JURO QUE PAGARÁS
Jorge Gomes da Silva

De forma voluntária, os cidadãos de classe média sobem a escada até ao patamar da ilusão. Degrau a degrau, eufóricos, conquistam as alturas embalados pela garantia de prosperidade eterna que se insinua nos principais indicadores. Sucesso, aumento salarial, promoção. Vida nova para os vencedores, aclamados como heróis pela plateia invejosa, acolhidos como iguais nos camarotes ou nos balcões. Lugar cativo no festival da ostentação.

Ao longo da subida, a ambição desmedida é o motor principal das mais celebradas realizações. Bons negócios para os patrões e outras vitórias pontuais, riqueza. Beleza de sonhos, impossíveis de concretizar, carro novo, roupa fina, bom colégio para a menina e uma casa mais bonita e descaradamente maior.

Bem vindos, senhoras e senhores, ao mundo fantástico do poder ter. Tudo o que se queira, crédito à maneira, facilidades de pagamento e oportunidades de investimento, só não tem quem não quiser. Privações, só para os outros, mais abaixo, os satisfeitos com o pouco, incapazes sociais.

Mas para si, só o melhor. Assine aqui por favor e oferecemos-lhe esta magnífica gravata fabricada na cordoaria, feita para durar uma vida em redor dos pescoços de excepção como o seu. Alivie o nó sempre que queira, ignore a ratoeira, acrescente um contrato com suaves prestações. Em frente é o caminho, amanhã logo se vê.

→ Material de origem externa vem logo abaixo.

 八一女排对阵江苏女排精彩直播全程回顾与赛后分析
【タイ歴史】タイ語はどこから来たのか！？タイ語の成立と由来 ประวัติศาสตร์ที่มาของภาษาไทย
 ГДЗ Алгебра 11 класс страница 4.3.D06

E a classe média avança, destemida, pelo palco da vida minado de tentações. Quero isto, quero aquilo, lágrimas de crocodilo nas traseiras dos globos oculares dos que preparam a rede para a retirarem depressa quando chega a hora de cair mais alguém. Ciclos da economia, inevitáveis como os gurus que os teorizam. Porém, enquanto a prancha desliza na crista da onda sinusoidal ninguém se preocupa com a rebentação. O surfista desprevenido mergulha nas águas gélidas do incumprimento e serve de alimento a uma seita implacável de tubarões. Nada se perde, nada se cria, tudo se transforma num pesadelo económico que o cidadão anónimo assume como consequência da ingénua esperança de escapar à sua posição na cadeia alimentar financeira. Bom proveito, senhor credor...

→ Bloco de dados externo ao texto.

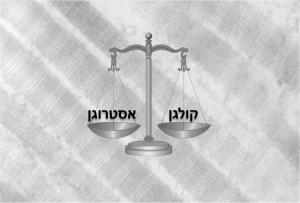 שמואל עופר רפואה סינית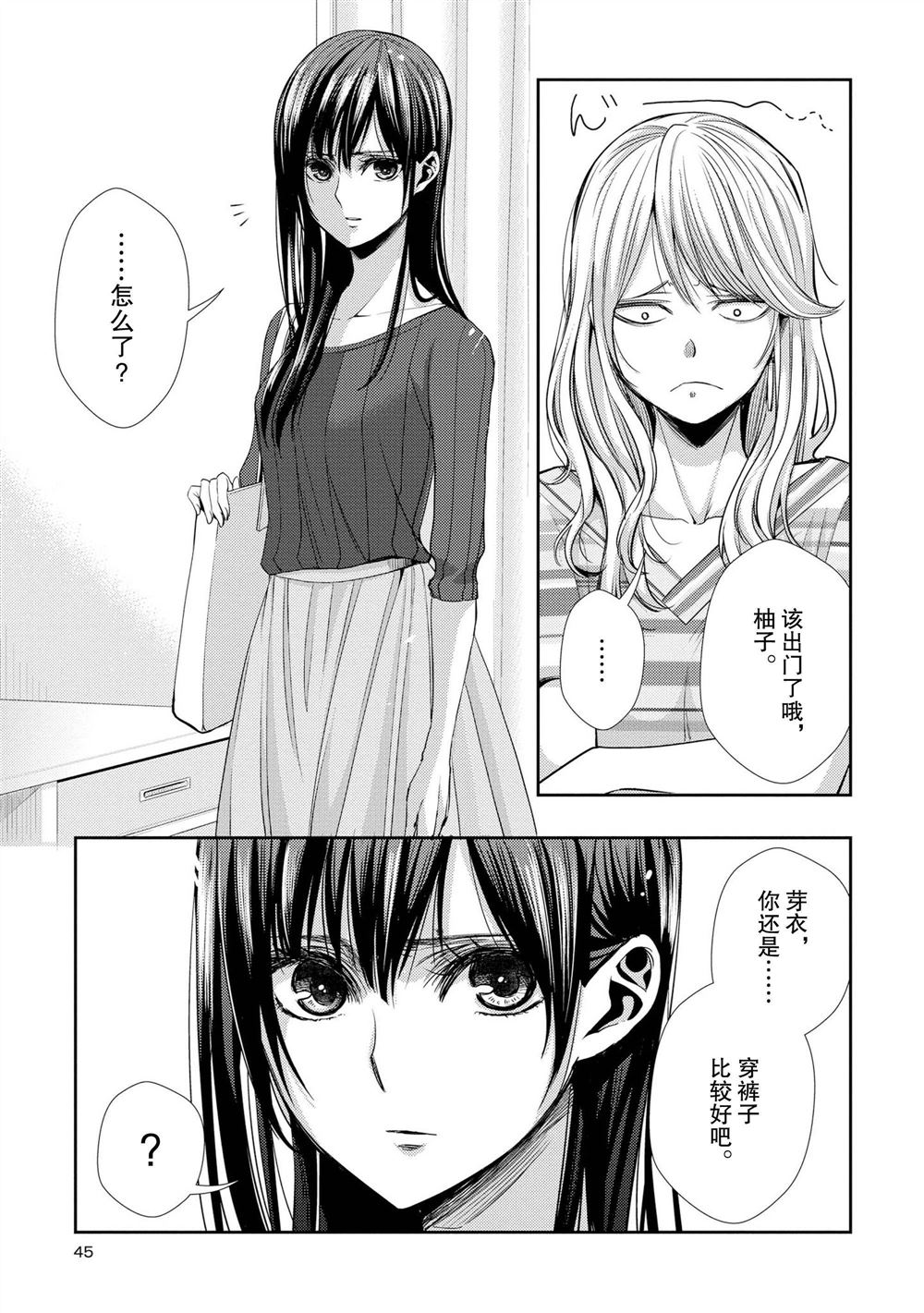 Citrus - 第30話 - 1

Mas a classe média insiste em avançar, esperançada, sobre os despojos dos eliminados pela crise anterior. Caminham, sorriso nos lábios, para o destino reservado à maioria dos sonhadores do mercado dito global. A verdade chega quando a vida abre o alçapão e a gravata de corda lhes abraça o pescoço como uma anaconda, até ao suspiro financeiro terminal. Puf, como um sonho pintado no interior de um balão na banda desenhada em que a sociedade se tornou. Lembra-se, caro insolvente potencial, de toda a papelada que lhe deram a assinar aquelas pessoas sorridentes que o encorajaram quando o seu processo de ascenção iniciou?

No bolso do carrasco, essas cópias autenticadas da sua autorização isentam de culpas qualquer executor. Imaculado o seu extermínio social, purificada a sua desapropriação. Tudo dentro do espírito da lei que aceitou por subscrição voluntária, temerária, e que agora os falsos amigos de outrora utilizam a seu desfavor sem um pingo de hesitação. É mesmo assim, dizem eles. São regras do jogo que todos aceitamos pela distinção de nos permitirem jogar, perder ou ganhar. Admissão reservada. 

E só joga quem quiser, ninguém é obrigado mas apenas convidado para participar nesta evidente batota onde a sorte se forja e o azar é demolidor.

Só questionam este sistema pernicioso os que lhe conhecem as reacções de homem atraiçoado, senhorio desrespeitado, odioso, a raiva controlada de uma máquina calibrada para tritutar sem apelo quem se desiluda nalguma conjuntura menos boa.

Oxalá nunca saiba como. Nunca entenderá porquê.